RECORDED INFORMATION:
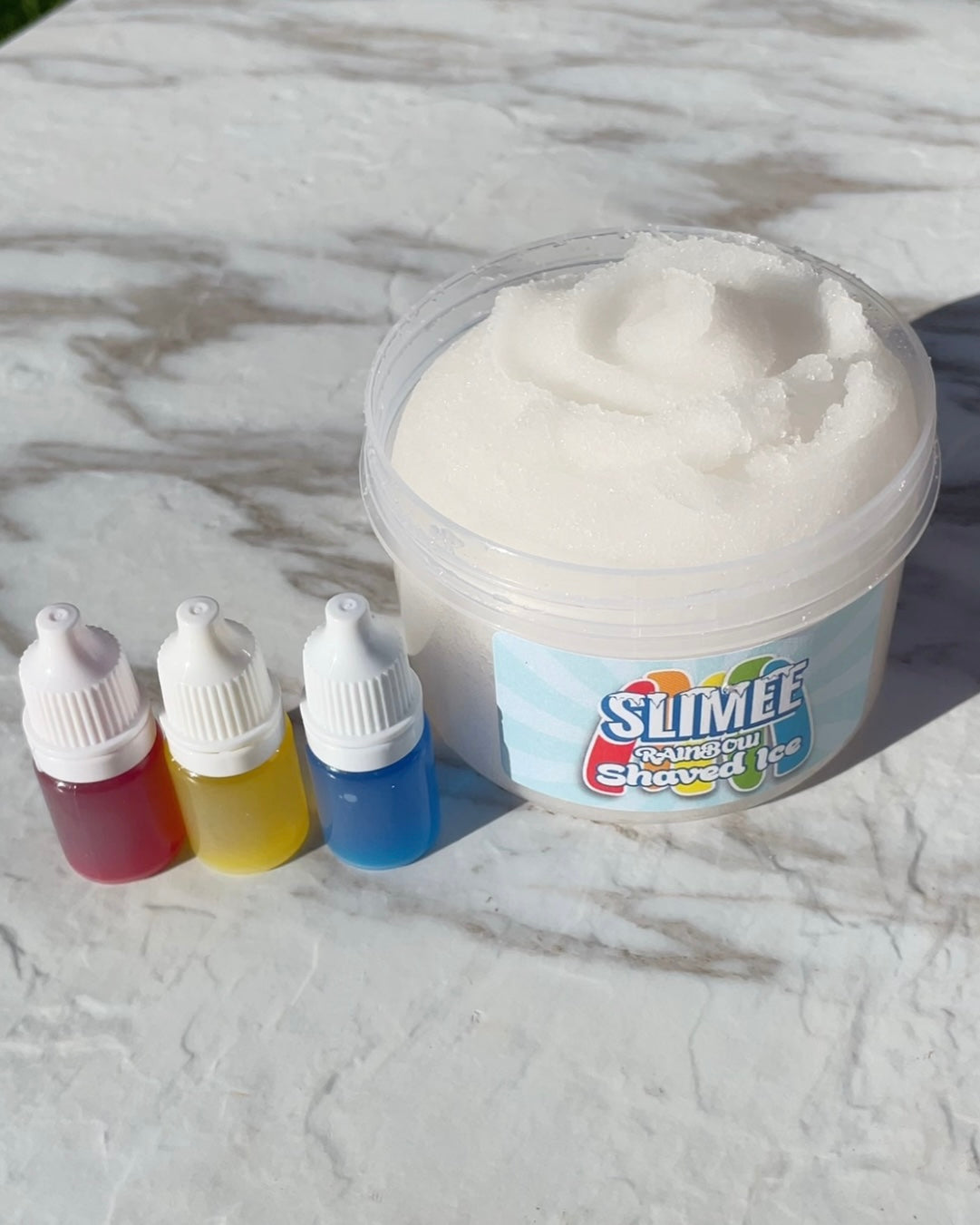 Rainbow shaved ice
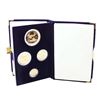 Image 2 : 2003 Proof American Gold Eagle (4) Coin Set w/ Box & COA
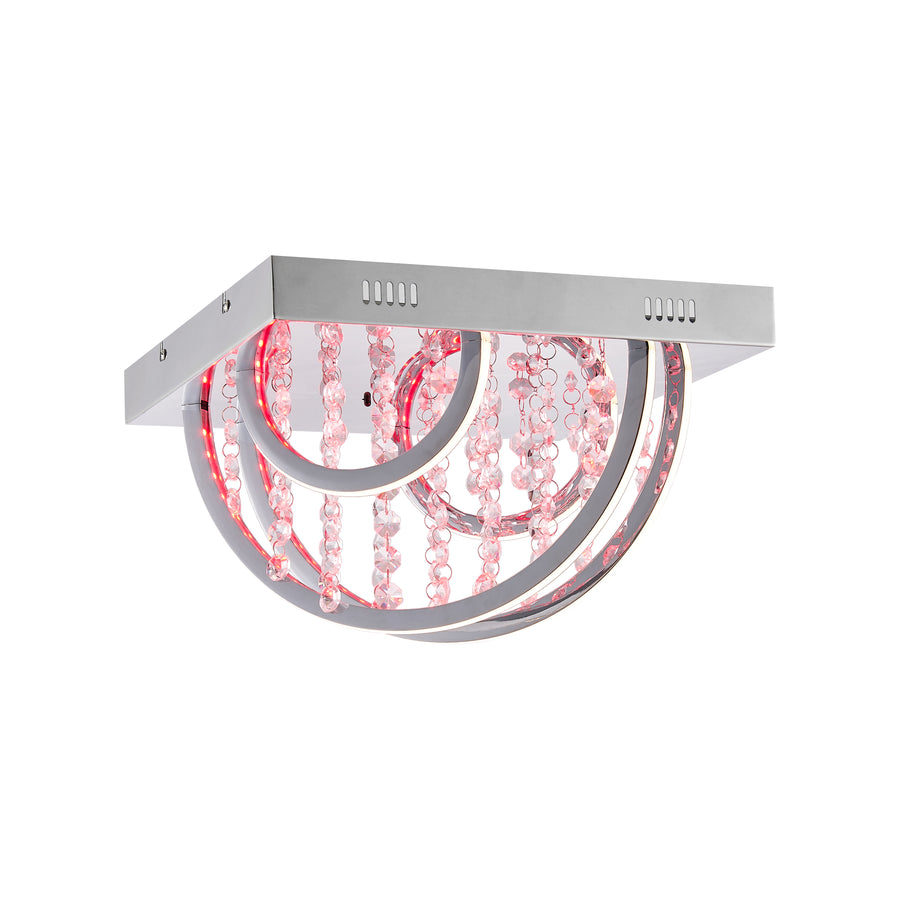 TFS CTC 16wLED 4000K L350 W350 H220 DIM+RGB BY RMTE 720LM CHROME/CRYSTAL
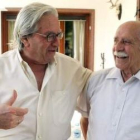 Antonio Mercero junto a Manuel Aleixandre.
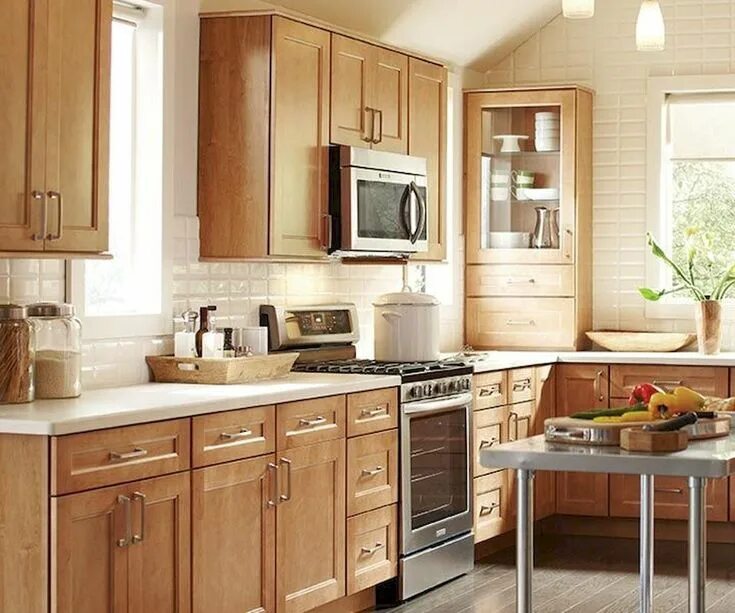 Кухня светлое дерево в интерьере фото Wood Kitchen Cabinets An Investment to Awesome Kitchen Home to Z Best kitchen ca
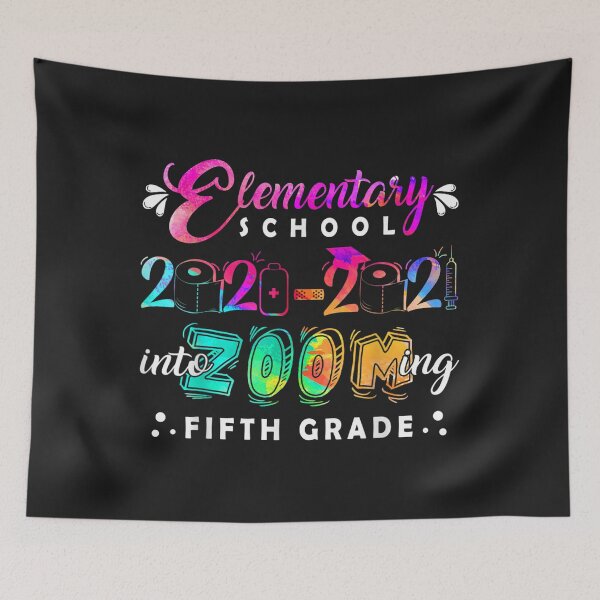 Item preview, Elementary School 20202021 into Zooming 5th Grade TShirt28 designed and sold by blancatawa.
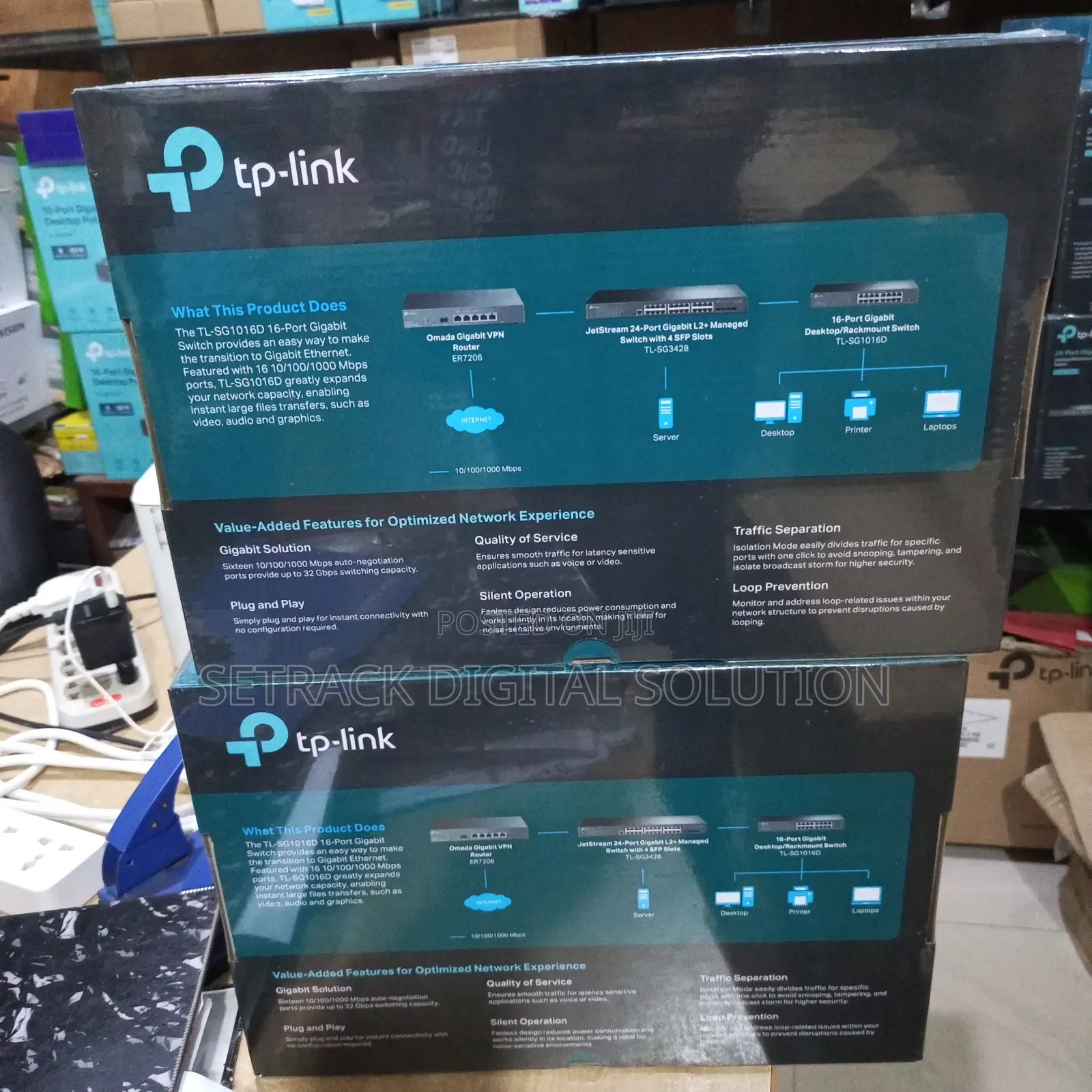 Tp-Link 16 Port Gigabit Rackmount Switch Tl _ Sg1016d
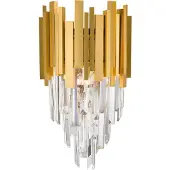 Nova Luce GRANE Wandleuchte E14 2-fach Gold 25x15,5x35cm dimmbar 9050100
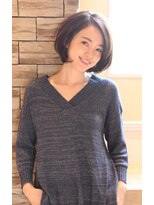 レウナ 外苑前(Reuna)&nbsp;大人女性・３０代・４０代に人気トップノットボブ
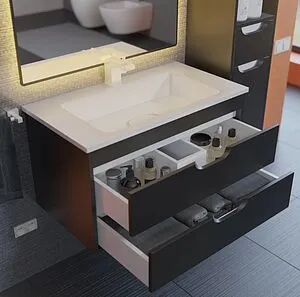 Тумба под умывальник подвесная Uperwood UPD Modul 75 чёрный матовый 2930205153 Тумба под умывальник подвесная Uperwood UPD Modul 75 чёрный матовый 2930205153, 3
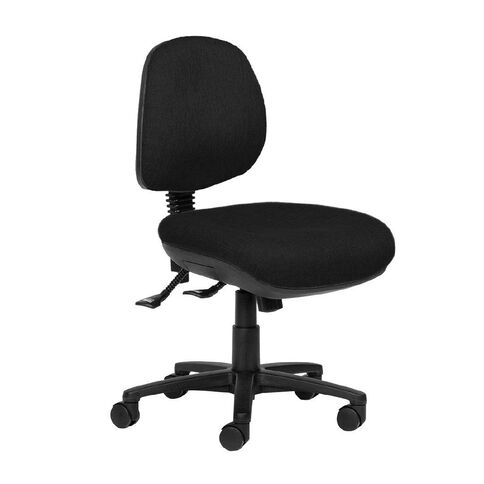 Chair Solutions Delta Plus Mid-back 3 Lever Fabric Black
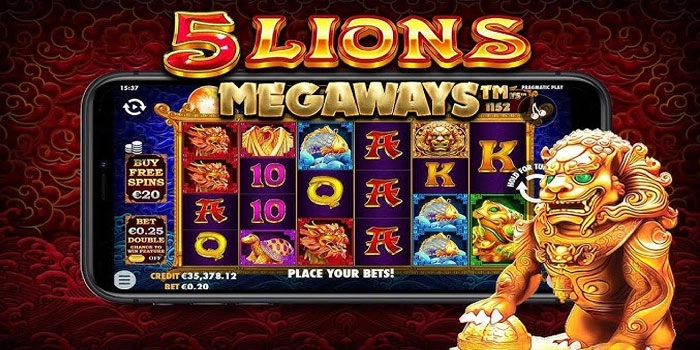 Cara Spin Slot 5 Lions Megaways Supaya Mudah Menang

TASK TO COMPLETE:
Only the lines from the one containing "レウナ 外苑前(Reuna)" through the end of the records are wanted, set down exactly and without their pictures.

OUTPUT BELOW:
 レウナ 外苑前(Reuna)&nbsp;大人女性・３０代・４０代に人気トップノットボブ
 Тумба под умывальник подвесная Uperwood UPD Modul 75 чёрный матовый 2930205153 Тумба под умывальник подвесная Uperwood UPD Modul 75 чёрный матовый 2930205153, 3
 Chair Solutions Delta Plus Mid-back 3 Lever Fabric Black
 Cara Spin Slot 5 Lions Megaways Supaya Mudah Menang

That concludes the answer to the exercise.